[SOLVED] Understanding System Calls

jlliagre · 10-30-2016, 04:26 AM

Beware that the system call entry implementation is varying. Modern linux releases on Intel architecture deprecated legacy int0x80 code to new dedicated instructions, sysenter/sysexit.

Note also that telling the kernel is "a program too" might be misleading. It is correct to state the kernel is a specific program that starts at boot time and runs until the system shuts down or panic, but when talking about system calls, it is not *that kernel program* that perform the call but the process itself which switched from user mode to kernel mode and is then executing kernel code. The kernel code is still running in the context of that specific process.

linux4evr5581 · 10-30-2016, 04:37 AM

Quote:

Originally Posted by jlliagre

Beware that the system call entry implementation is varying. Modern linux releases on Intel architecture deprecated legacy int0x80 code to new dedicated instructions, sysenter/sysexit.

Note also that telling the kernel is "a program too" might be misleading. It is correct to state the kernel is a specific program that starts at boot time and runs until the system shuts down or panic, but when talking about system calls, it is not *that kernel program* that perform the call but the process itself which switched from user mode to kernel mode and is then executing kernel code. The kernel code is still running in the context of that specific process.

I learned alot useful a things from this thread, but this part almost explains my OP.. Ok may I ask what program did that process come from? And does that process interact with the libary?

jlliagre · 10-30-2016, 05:10 AM

All processes come from a special process handcrafted by the kernel at boot time. This process is generally init or systemd. This initial process is creating other processes by forking itself, using first the fork (or clone on Linux) system call then the exec system call. This fork/exec sequence is how all processes are created a hierarchical way.

I'm not sure about what you ask for with your last question. All processes, including init/systemd interact with the standard library (usually glibc) by calling it.

linux4evr5581 · 10-30-2016, 05:24 AM

Quote:

Originally Posted by jlliagre

I'm not sure about what you ask for with your last question. All processes, including init/systemd interact with the standard library (usually glibc) by calling it.

I dont know why I thought a program spawned the process.. Its late... But this part explains it, thank you so much! But just to reiterate are the opcodes of a program transferred to the library via this process? Or is this a particular process chosen by the OS depending on the opcodes of the program?
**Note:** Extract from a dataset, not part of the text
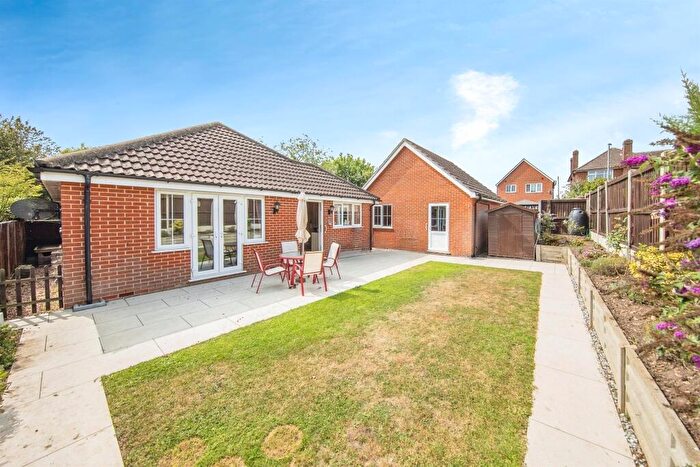 3 Bedroom Detached Bungalow For Sale In Old Heath Road, Colchester, CO2
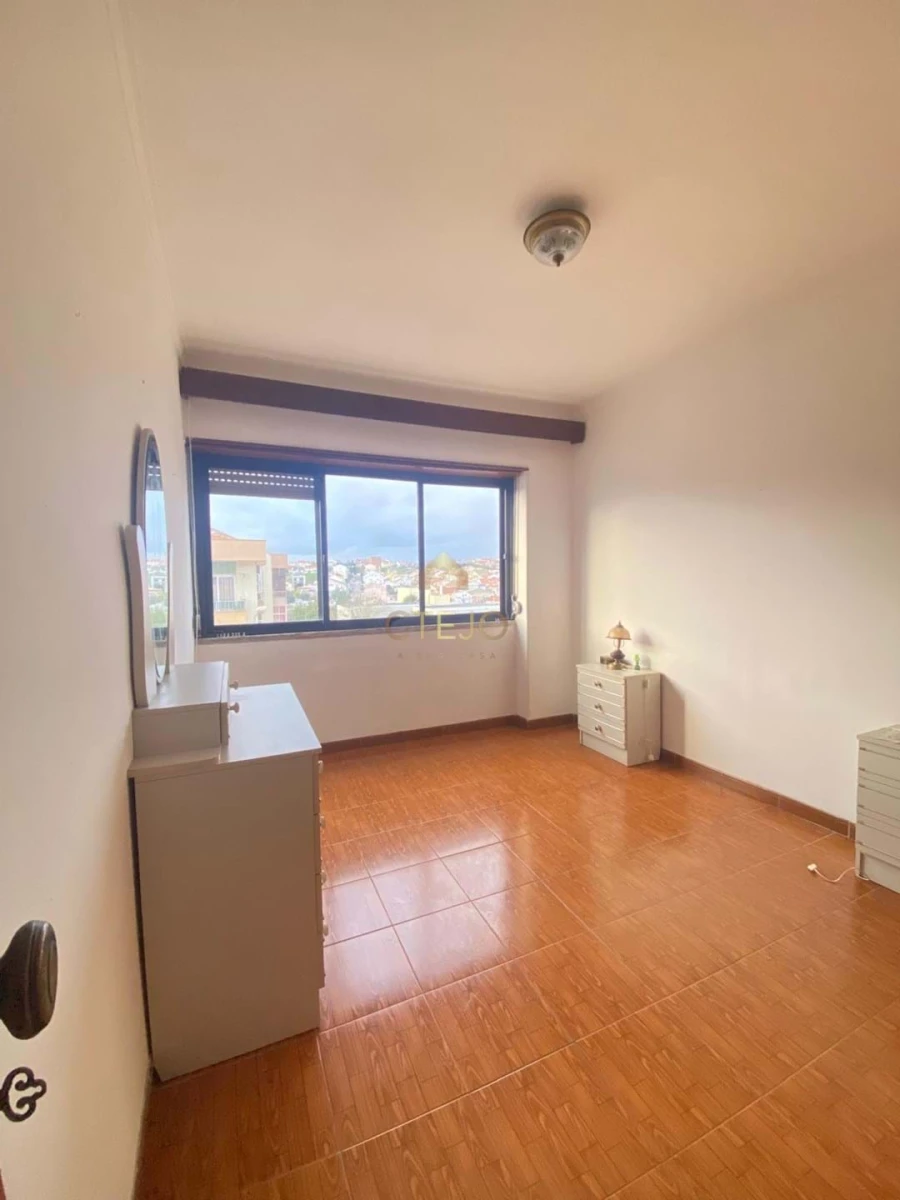 Apartamento T2 para Venda em Santa Iria de Azoia, São João da Talha e Bobadela Foto 10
jlliagre · 10-30-2016, 07:33 AM

Opcodes are just bytes, they are normally stored on disk in executable binaries, libraries, modules, and kernel images and they are loaded into memory if not yet there when they need to be executed. There is no such thing as a "transfer of opcodes to a library". The opcodes do not decide what process is launched, they are just basic instructions. Operands to the exec family system calls are telling what program need to be launched. Which one it should be is either a user decision or an OS setting (daemons).

jpollard · 10-30-2016, 09:15 AM

Quote:

Originally Posted by linux4evr5581

I dont know why I thought a program spawned the process.. Its late... But this part explains it, thank you so much! But just to reiterate are the opcodes of a program transferred to the library via this process? Or is this a particular process chosen by the OS depending on the opcodes of the program?

Well... all programs get spawned by another "program"...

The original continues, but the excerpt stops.